- **Problem statement**: This exercise calls for duplicating every entry below exactly, without the images.

--- Entries provided Enclosed Below ---

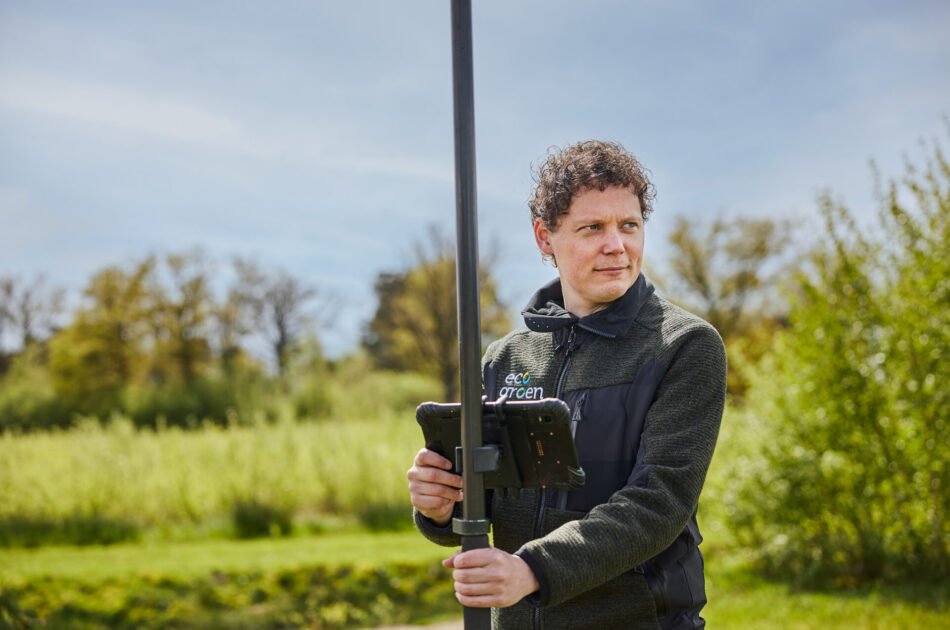 ... en ga je het veld in om landmetingen uit te voeren...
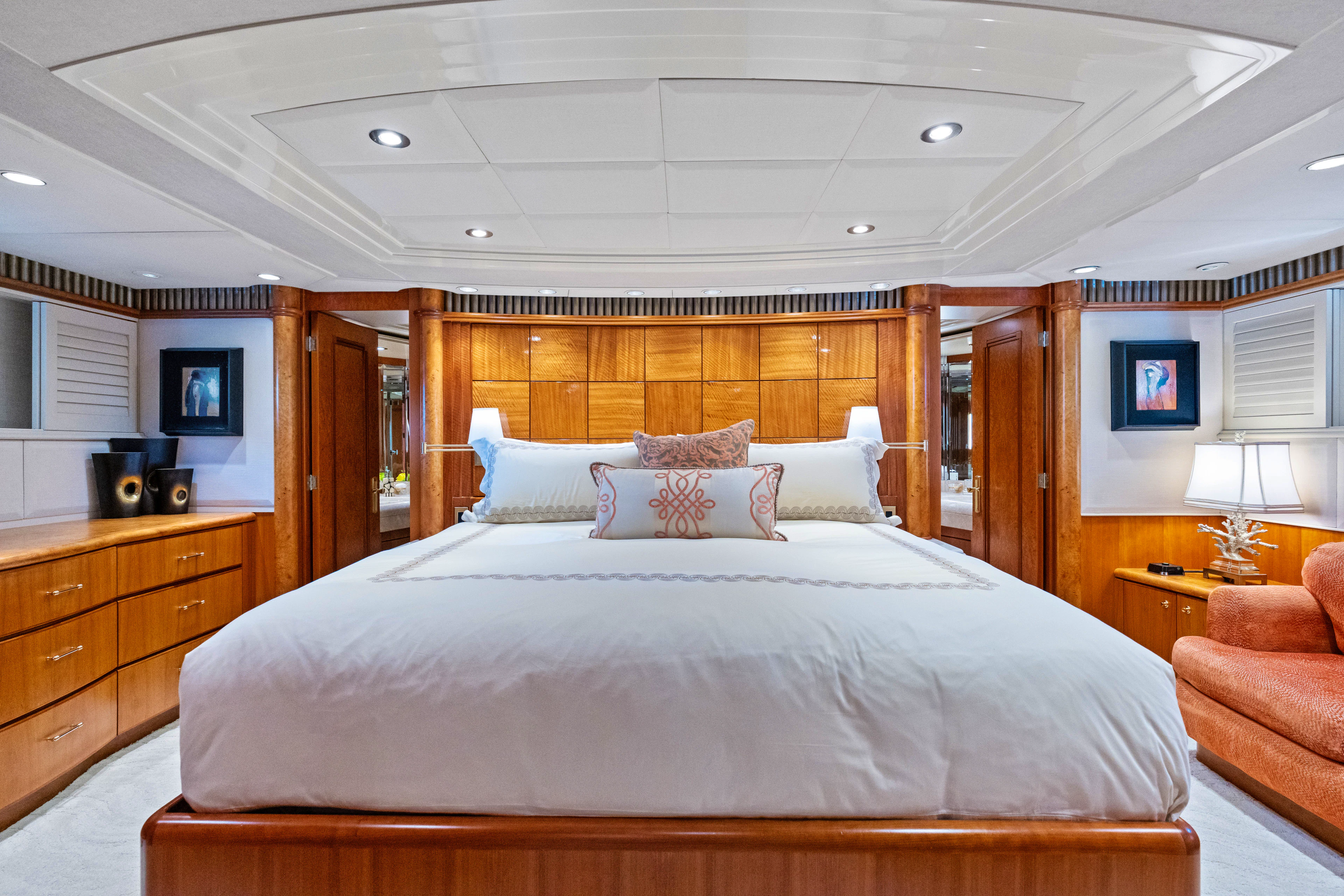 103ft West Bay 2001 “PICOSA LADY”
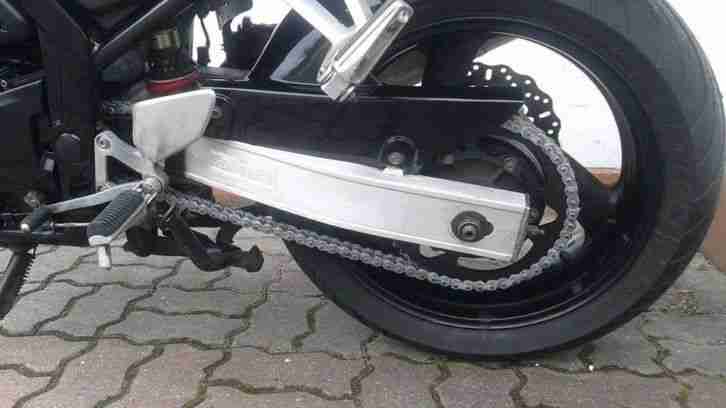 Yamaha FZS 600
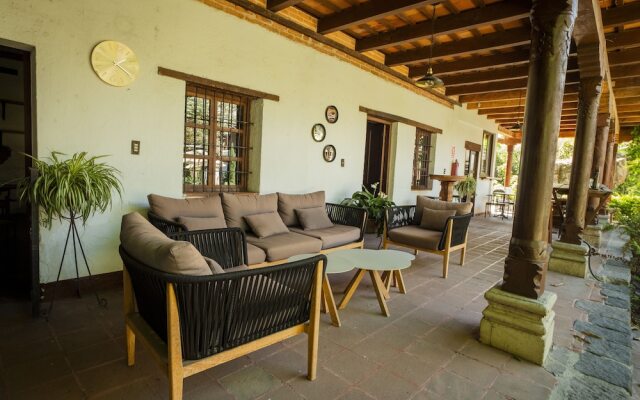 Hotel Cacique Real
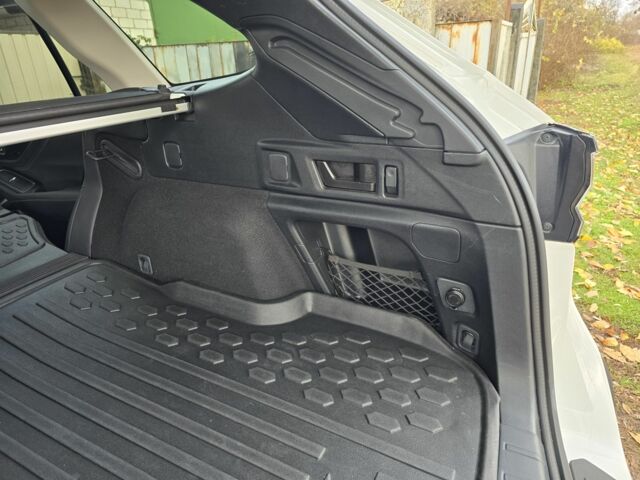 Белый Субару Аутбек, объемом двигателя 2.4 л и пробегом 33 тыс. км за 33500 $, фото 19 на Automoto.ua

--- End of Enclosed Entries provided ---

- **Exercise response**:
 ... en ga je het veld in om landmetingen uit te voeren...
 103ft West Bay 2001 “PICOSA LADY”
 Yamaha FZS 600
 Hotel Cacique Real
 Белый Субару Аутбек, объемом двигателя 2.4 л и пробегом 33 тыс. км за 33500 $, фото 19 на Automoto.ua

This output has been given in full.